Animal Collective
Feels
[Fat Cat; 2005]
With each new album it becomes clearer that Animal Collective will not stay still. You can see them on tour and get a preview of the album to come in their live show, but aside from that, it’s difficult to tell which direction their music will go next. If you’d heard Spirit They’re Gone or Danse Manatee you could possibly have predicted the more difficult and abstract direction of Here Comes the Indian but you wouldn’t have guessed they’d make something like Campfire Songs around the same time; if you’d heard the latter you’d might hazard a guess about Sung Tongs but Feels wouldn’t necessarily strike you as the work of the same band.
That said, the newly released Feels is not a total departure from Sung Tongs, and it actually tracks it quite closely in terms of the album’s structure. It’s apparent from the first few bars of "Did You See the Words" that A.C. begins in "song" mode, setting aside for the moment the soundscaping that defined the earlier records. The first spin is a tad disconcerting because, with its electric guitar and more trad band set-up, Animal Collective sound for the first time like what they’ve always been to detractors with more outré tastes: an indie rock band. The songs proceed with a logic that has more to do with the early experiments of Mercury Rev than say, Sebadoh, but where Animal Collective previously sounded as if they were working according to an unusual set of rules, the first half of Feels exists in relationship to music history, and not just any music history, but rock.

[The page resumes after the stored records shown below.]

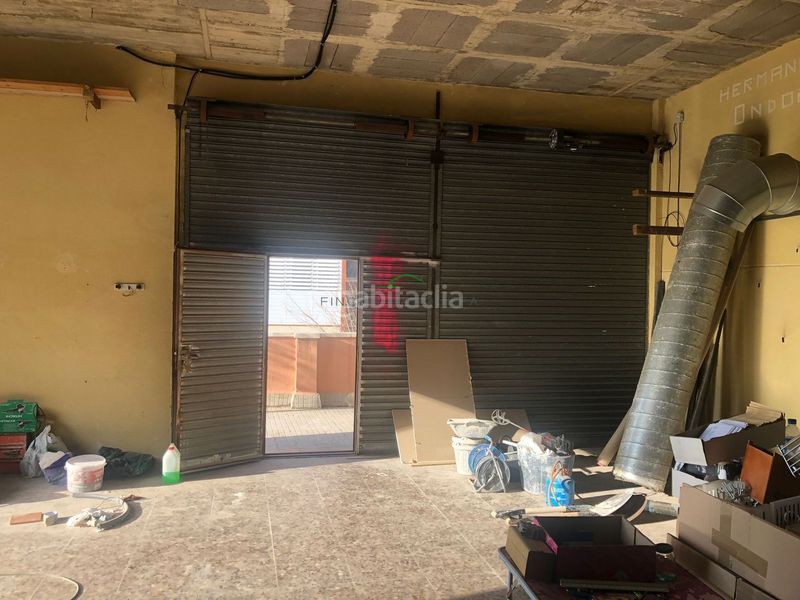 Foto f8391395-7547-4475-941f-564a4eb7bf34. Local comercial a Molins de Rei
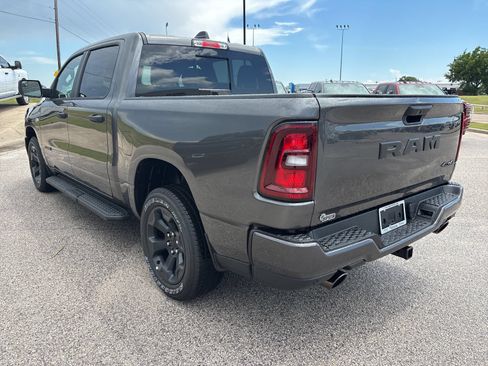 New 2026 RAM 1500 Express AWD/4WD image 4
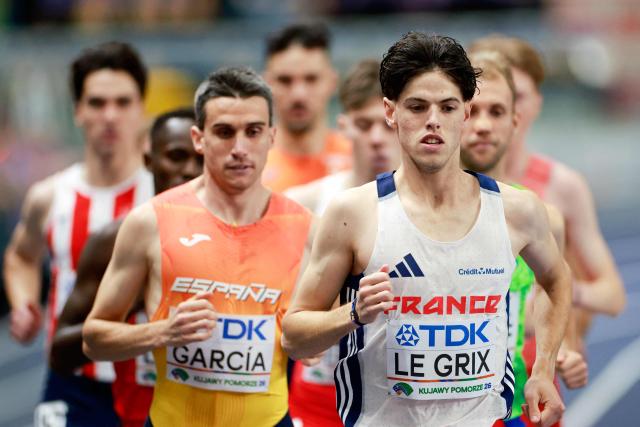 France's Titouan Le Grix (R) competes ahead of Spain's Mariano Garcia and other athletes in the men's 1500 metres heat 3 during the World Athletics Indoor Championships Kujawy Pomorze 2026 in Torun, Poland on March 20, 2026. (Photo by Wojtek RADWANSKI / AFP)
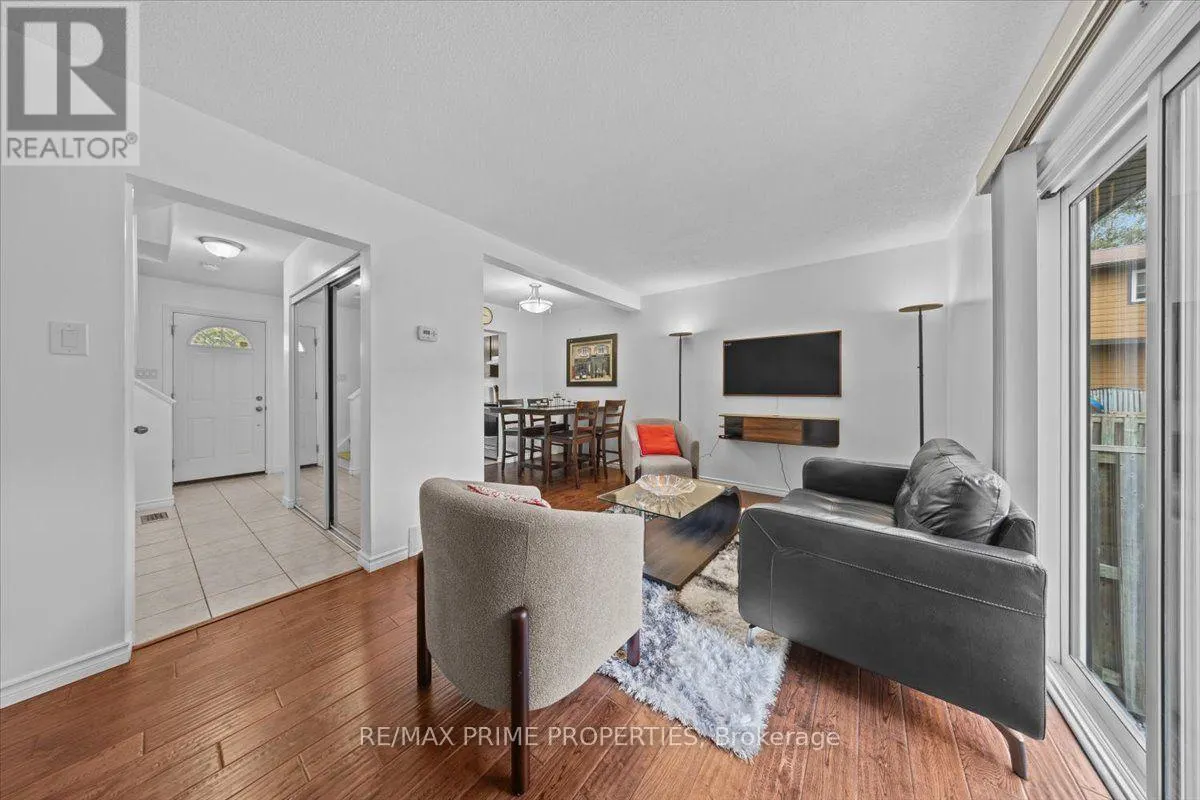 29 - 6252 CASTILLE COURT
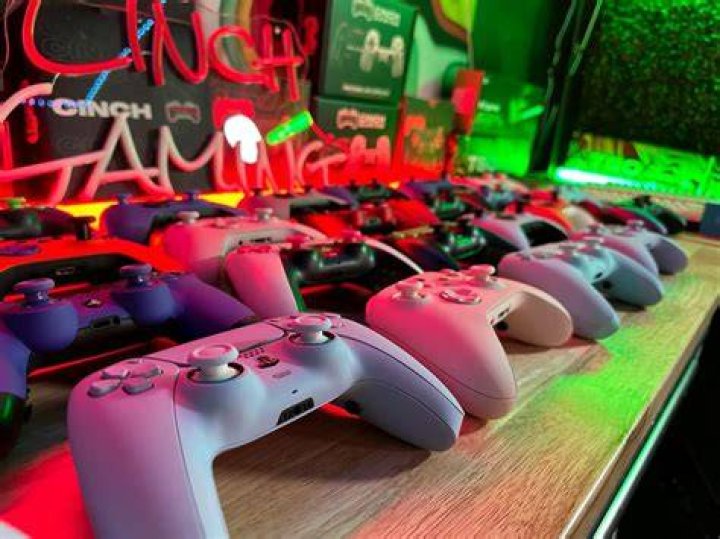 How much does it cost to make a game controller?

I hear the ghosts of 1950s artists like Buddy Holly inside more straightforward pop songs "Grass" and "The Purple Bottle". On "Grass", the reverb on Avey Tare’s voice adds a hiccup to every syllable and the guitar is processed to sound at times like the rollicking boogie-woogie piano rhythm. Of course, 50 years ago no one would have made a chorus out of loud, clipped screams synchronized to bashed drums (well, maybe Jerry Lee Lewis), and the conversational vocal harmony breakdown of "The Purple Bottle" jumps ahead a decade to a highly psychedelicized Beach Boys. Such moments are why the adolescent unpredictability of Animal Collective is such an asset– they’re able to tap into the narrative of Western pop while making it their own.
Like Animal Collective’s previous full length, Feels is sequenced carefully, with jauntier, tuneful numbers leading to an amorphous back half. The two transitional songs in the record’s middle, "Bees" and "Banshee Beat", are among the best things Animal Collective has done. "Bees" imagines how a drifting pop song might sound inside the sonic universe of an Alice Coltrane album, with a trebly autoharp that is all strings and no body and sustained clusters of piano that bring to mind an ascension through clouds. "Banshee Beat" is even better. Animal Collective’s signature approach to composition– in which open chords are strummed repeatedly for longer than seems necessary to create a unique sense of tension relieved only by vocal chants and howls– finds its apotheosis over these eight minutes. "Daffy Duck" is a further exploration of the ideas presented on "Bees", and "Loch Raven" is an uncharacteristically tender electro-acoustic lullaby, vaguely Aphexian in the way it mixes sine wave drones with a simple piano line and a cluster of wordless voices.
The upbeat "Turn Into Something" brings the album back to where it started. Feels is an excellent record, one that, despite a more conventional approach, happens to get better over time. But it’s also interesting to contemplate as a chapter in the Animal Collective story. If the childhood pals can stay friends and continue to inspire each other we may have some more great records down the road. At the moment they seem on a pretty heady plateau, but you don’t get the idea listening to Feels that they’ve said nearly all they have to say.
Posted to Pitchfork by Mark Richardson on October 18, 2005.